Don't Build a Functional MVP, Build a Responsive Prototype

A prototype is a tool allowing you to test, refine, and validate the functionality of your idea. It opens the door for feedback from the market and addresses key challenges that may not have surfaced until much later.

Don't Build a Functional MVP, Build a Responsive Prototype
Credit @golimitless

If you want to bring raise your chances of launching a successful product, don't waste your time and money building a functioning MVP.

An MVP is supposed to be the smallest product imaginable with just enough features to satisfy early customers and provide feedback for future products. It is a balance between competing priorities such as features, time-to-market, and risk factors. Sounds great, right?

If MVPs are so effective, why don't more people build them?

Here are some ways MVPs fall short in solving problems for a user base and how they make life difficult for a founder.

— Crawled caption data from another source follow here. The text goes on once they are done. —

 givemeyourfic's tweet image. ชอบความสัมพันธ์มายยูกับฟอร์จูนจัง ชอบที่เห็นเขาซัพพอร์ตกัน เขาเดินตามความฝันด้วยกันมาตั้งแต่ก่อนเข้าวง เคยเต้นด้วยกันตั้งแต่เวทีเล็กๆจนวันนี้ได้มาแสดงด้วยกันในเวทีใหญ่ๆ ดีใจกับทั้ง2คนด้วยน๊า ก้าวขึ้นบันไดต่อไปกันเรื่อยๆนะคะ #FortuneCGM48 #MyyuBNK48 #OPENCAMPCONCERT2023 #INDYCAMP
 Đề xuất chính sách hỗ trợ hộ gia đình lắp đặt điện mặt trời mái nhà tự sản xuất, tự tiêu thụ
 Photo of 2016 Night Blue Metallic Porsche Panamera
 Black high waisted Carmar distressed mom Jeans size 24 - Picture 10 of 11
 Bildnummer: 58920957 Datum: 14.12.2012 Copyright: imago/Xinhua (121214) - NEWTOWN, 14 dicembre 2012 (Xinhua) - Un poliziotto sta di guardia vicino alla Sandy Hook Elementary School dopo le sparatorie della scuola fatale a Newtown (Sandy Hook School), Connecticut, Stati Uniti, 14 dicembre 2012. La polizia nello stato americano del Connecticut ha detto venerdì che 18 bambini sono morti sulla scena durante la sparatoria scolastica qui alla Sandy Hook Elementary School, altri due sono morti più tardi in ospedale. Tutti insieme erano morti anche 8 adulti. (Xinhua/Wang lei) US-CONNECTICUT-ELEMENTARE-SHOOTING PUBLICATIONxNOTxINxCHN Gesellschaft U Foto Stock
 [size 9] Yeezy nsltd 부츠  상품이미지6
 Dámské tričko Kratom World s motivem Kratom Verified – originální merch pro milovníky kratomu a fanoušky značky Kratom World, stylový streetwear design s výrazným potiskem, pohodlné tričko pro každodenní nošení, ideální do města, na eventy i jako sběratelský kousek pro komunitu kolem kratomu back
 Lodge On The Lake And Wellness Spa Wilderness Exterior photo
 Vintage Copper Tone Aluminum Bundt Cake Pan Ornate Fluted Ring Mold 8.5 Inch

  • Narrow delivery of big problems can miss the market need.
  • Loss of money working on features, even minimal ones.
  • If unprepared, upgrades can too much time, disengaging users.
  • You have skipped building a user-centered product.
  • Today's users have higher expectations of products, design, and functionality.

Instead of building that MVP, build a prototype. A prototype is not the "Minimum Viable Product", and it's definitely not a fully functioning version of your product with all its bells and whistles.

Prototypes are the visual representation of your future product.

It's more visual and responsive, allowing potential users to click around and feel it out what you envision the product to be.

A prototype can be simple—a handful of wireframes connected together perhaps. And it doesn't have to work (though it shouldn't be broken). The most important thing about a prototype is that it must be testable—whether with users or as an internal tool for yourself and other team members to make decisions about your product.

Prototypes should never be built to fulfill a set of features. They should live and die by their usability. It should be easy for you to make changes to them based on user feedback because if you can't make those changes, you're going to have a bad time getting users from your prototype into production.

This is why I want to share this with you.

Prototypes can drastically improve your chances of success by putting usability above all else.

Allowing users to interact with your prototype also means that you get sensor feedback as well as behavioral data, which allows you to test the viability of your product idea and build empathy for your users.

Here are some ways how prototypes can be the key to unlocking a product's opportunity within a market.

  • Testing of usability gives way to building a more human-centered product. One that people will both enjoy and appreciate
  • With minimal effort or time, you can refine functionality within the prototype based on feedback.
  • Visuals of a product are a powerful signal of action to your market, audience, and potential investors. You now have the "pitch" of your product vision.
  • Describing your product will be much easier without the restriction of feature sets. This gives way for stronger marketing efforts.

A prototype is a tool allowing you to test, refine, and validate the functionality of your idea. It opens the door for feedback from the market and addresses key challenges that may not have surfaced until much later.